WHAT YOU HAVE TO DO:
Repeat the listing below exactly from the line with "Begin by putting" through its last line. Skip every picture.

INFORMATION SHOWN:

:::::

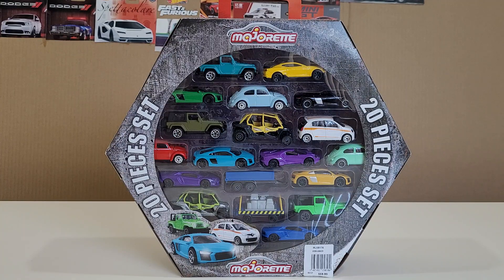Hey guys, welcome back to the channel. Ernest here, welcome back to another unboxing video. Today I've got a 20-piece set from a Majorette release. It's one of France's major die-cast manufacturers - a French brand I quite like. They're always pretty detailed and they do a lot of releases in different categories: the basics, the premiums, and then the ultra-premiums with much better packaging, like Greenlight.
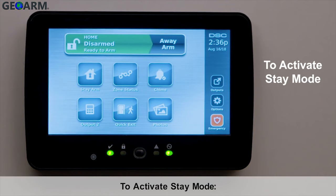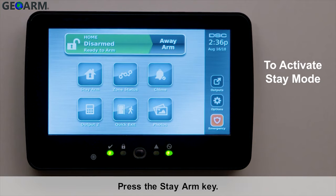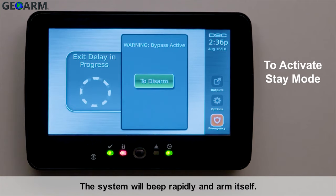Stay Mode. To activate Stay Mode, ensure the green Ready LED is illuminated. Press the Stay Arm key. The system will beep rapidly and arm itself.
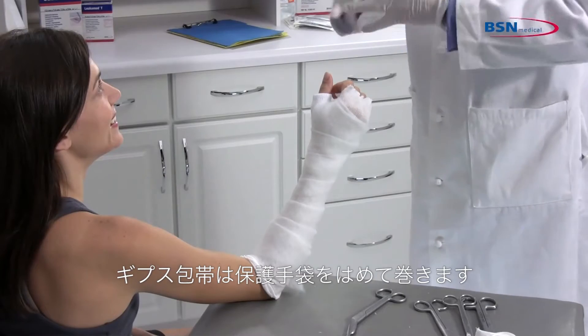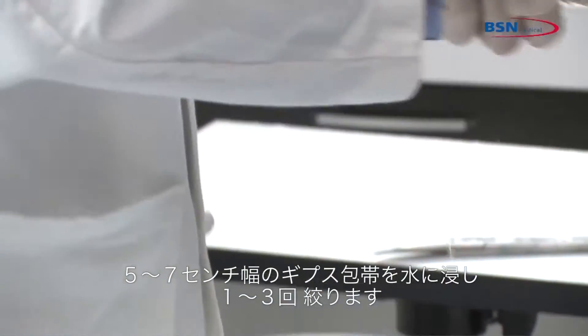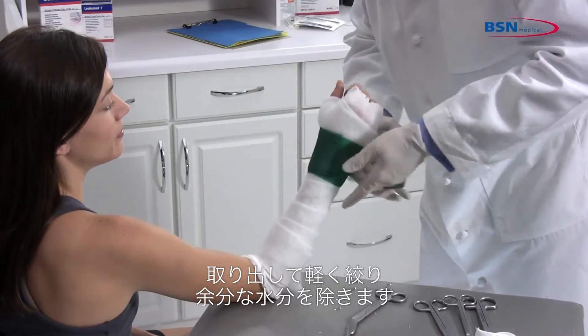Begin by putting on protective gloves before applying the cast tape. Dip 2-inch or 3-inch cast tape in water, squeezing 1 to 3 times. Then remove it from the water and squeeze 1 time to remove excess water.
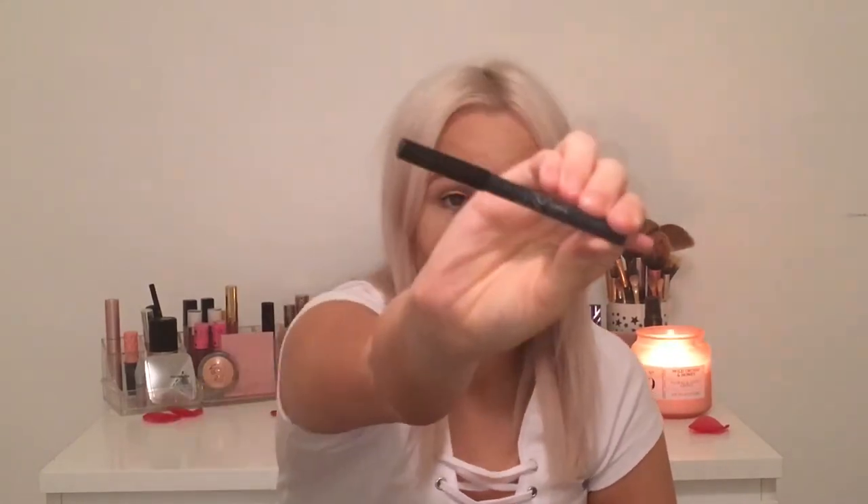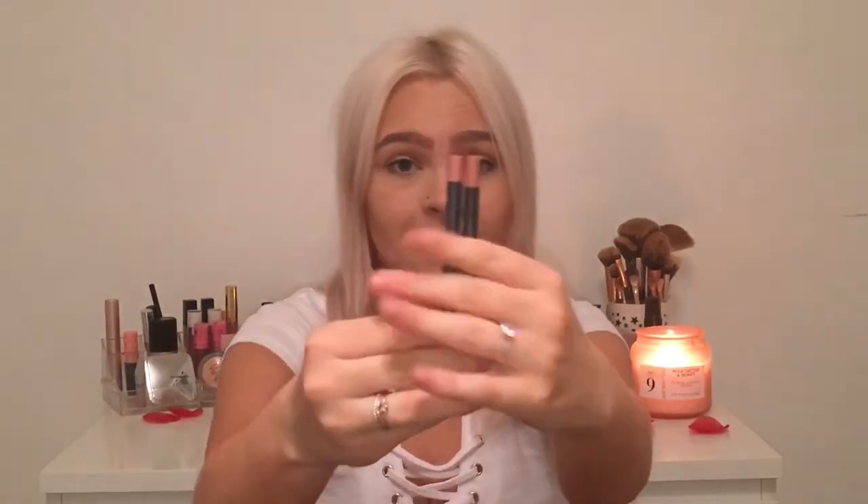I'm going to start with the lip liners. I'm starting with the real Candy K — I can't tell much difference by size because I've sharpened it. But the first fake thing I notice is the height: the real one is a lot smaller at the top where it shows the color, and I don't feel like the color really matches the lip pencil itself on the fake.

:::::

TASK ANSWER:
Begin by putting on protective gloves before applying the cast tape. Dip 2-inch or 3-inch cast tape in water, squeezing 1 to 3 times. Then remove it from the water and squeeze 1 time to remove excess water.
I'm going to start with the lip liners. I'm starting with the real Candy K — I can't tell much difference by size because I've sharpened it. But the first fake thing I notice is the height: the real one is a lot smaller at the top where it shows the color, and I don't feel like the color really matches the lip pencil itself on the fake.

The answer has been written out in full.